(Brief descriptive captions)
━━━
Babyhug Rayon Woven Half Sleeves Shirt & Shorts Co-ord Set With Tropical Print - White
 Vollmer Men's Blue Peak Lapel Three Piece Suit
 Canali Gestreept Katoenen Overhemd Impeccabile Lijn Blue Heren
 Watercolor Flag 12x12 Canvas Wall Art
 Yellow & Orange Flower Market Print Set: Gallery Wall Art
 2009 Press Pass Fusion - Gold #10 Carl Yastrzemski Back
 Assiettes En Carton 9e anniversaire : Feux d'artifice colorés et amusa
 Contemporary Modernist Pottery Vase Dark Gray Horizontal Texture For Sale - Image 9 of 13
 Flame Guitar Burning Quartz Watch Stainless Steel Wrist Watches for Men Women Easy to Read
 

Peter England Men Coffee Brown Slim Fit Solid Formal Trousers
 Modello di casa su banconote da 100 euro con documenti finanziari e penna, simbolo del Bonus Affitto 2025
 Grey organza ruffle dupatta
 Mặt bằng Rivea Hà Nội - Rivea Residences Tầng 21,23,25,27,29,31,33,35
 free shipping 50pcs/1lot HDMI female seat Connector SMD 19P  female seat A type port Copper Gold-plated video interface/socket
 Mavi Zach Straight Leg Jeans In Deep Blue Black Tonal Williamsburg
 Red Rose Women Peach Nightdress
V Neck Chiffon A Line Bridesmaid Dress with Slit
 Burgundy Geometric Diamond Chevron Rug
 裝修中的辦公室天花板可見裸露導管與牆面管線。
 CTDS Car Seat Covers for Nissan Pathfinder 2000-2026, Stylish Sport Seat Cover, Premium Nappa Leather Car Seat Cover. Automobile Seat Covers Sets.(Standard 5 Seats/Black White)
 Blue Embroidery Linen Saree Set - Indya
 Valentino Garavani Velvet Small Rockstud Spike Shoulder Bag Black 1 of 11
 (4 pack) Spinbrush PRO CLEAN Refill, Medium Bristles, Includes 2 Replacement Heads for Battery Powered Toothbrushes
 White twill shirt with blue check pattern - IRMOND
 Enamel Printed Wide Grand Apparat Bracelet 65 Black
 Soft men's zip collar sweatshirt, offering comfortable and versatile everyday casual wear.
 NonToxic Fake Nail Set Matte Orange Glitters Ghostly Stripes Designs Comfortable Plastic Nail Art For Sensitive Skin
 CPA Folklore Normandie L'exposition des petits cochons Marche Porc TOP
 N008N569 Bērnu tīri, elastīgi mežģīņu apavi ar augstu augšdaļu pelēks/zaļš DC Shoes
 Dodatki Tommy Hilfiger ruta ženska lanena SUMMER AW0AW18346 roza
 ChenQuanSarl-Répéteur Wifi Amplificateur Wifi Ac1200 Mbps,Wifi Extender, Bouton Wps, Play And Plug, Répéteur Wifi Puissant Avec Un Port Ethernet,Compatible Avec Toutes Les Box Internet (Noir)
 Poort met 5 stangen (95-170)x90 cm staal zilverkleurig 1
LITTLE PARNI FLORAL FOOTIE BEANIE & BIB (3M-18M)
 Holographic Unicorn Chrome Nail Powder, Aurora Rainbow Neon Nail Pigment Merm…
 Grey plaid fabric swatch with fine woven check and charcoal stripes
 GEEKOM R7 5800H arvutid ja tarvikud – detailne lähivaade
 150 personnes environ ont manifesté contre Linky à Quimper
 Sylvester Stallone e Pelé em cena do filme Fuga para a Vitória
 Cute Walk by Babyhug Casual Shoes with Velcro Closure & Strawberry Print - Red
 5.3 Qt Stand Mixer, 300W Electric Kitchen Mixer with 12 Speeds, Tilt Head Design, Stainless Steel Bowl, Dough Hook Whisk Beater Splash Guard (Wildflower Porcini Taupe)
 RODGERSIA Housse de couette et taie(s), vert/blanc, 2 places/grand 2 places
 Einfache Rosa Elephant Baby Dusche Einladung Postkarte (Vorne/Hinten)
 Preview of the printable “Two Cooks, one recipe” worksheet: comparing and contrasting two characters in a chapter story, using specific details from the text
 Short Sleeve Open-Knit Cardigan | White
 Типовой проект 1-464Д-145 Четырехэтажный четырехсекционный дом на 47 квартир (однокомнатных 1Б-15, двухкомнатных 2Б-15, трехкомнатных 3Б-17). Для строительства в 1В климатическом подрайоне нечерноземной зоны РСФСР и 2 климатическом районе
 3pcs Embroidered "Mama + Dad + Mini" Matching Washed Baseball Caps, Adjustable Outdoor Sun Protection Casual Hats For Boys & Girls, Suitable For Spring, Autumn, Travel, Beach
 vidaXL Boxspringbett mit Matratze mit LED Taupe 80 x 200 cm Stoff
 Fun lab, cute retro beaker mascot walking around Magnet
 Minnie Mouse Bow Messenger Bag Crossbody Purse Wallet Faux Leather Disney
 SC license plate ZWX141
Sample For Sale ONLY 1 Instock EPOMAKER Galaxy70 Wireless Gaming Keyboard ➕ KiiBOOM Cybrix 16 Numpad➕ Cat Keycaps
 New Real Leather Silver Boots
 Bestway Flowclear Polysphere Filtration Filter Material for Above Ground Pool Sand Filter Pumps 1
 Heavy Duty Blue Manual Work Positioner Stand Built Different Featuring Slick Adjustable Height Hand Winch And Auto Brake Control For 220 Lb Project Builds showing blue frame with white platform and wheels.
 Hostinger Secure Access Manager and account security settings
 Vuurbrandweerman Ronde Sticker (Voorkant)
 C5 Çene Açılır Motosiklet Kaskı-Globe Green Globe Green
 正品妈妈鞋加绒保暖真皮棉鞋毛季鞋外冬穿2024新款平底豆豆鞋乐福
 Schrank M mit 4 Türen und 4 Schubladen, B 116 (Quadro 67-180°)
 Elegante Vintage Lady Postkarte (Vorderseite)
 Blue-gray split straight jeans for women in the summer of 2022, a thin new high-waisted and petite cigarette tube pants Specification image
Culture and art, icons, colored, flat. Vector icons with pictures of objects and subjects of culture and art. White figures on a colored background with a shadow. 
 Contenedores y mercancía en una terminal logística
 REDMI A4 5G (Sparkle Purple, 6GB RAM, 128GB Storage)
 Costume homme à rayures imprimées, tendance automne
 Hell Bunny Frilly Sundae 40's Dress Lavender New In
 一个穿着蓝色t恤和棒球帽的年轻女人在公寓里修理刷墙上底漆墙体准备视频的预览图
━━━
**WORK ORDER**
Reply with one number only: the count of lines in the entries that contain "Steel".

**EXERCISE ANSWER**
2